Right now the practice of data science and data analysis very much lacks the structure of TDSD. I liked Nicolas’s 5th slide where he schematically shows the pillars of the data scientist’s workflow: trying, eyeballing and trying again until it makes sense. However, each stage of data analysis is prone to error. Starting from choosing the modelling approach down to interpretation of the results. Errors can be made in data pre-processing, model implementation, output gathering and even when plotting graphs. One of the main points of the talk was reproducible research. If every analysis is wrapped in a verification procedure that ensures that the same outputs are produced for the same inputs, then analysis bugs can be greatly reduced.

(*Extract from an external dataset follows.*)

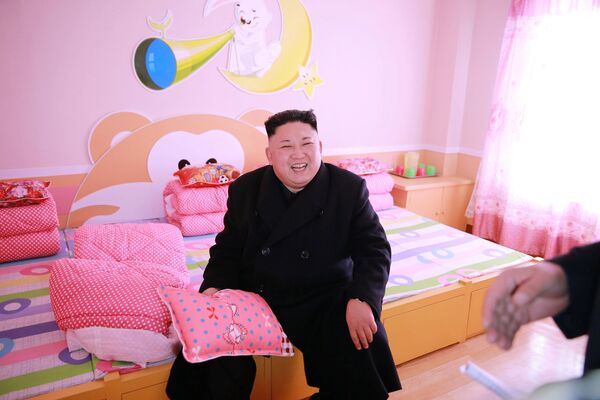 Северокорейский лидер Ким Чен Ын во время посещения Пхеньянской начальной школы для сирот, КНДР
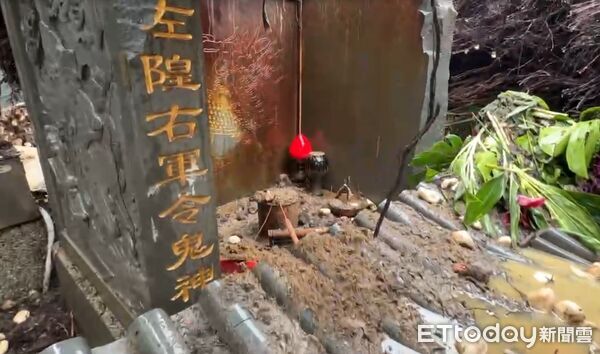 ▲台南市縣城隍廟前老榕樹疑因雨後不支倒塌,壓損廟旁五營建物上蓋,所幸無人傷亡,工務局接獲通報後派員到場切割移除倒塌樹木,預計下班前完成現場處理。(記者林東良翻攝,下同)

Another strong point of the talk was about using constraints. Much of the test-driven software development relies on constraints placed on the allowed inputs&outputs. In the data analysis, such constraints can be placed on data types, data value ranges, legality of duplicates, or even statistical and distributional properties. For example, can a value of an insurance claim be negative? What about a negative correlation between the insurance costs and the values of the claim?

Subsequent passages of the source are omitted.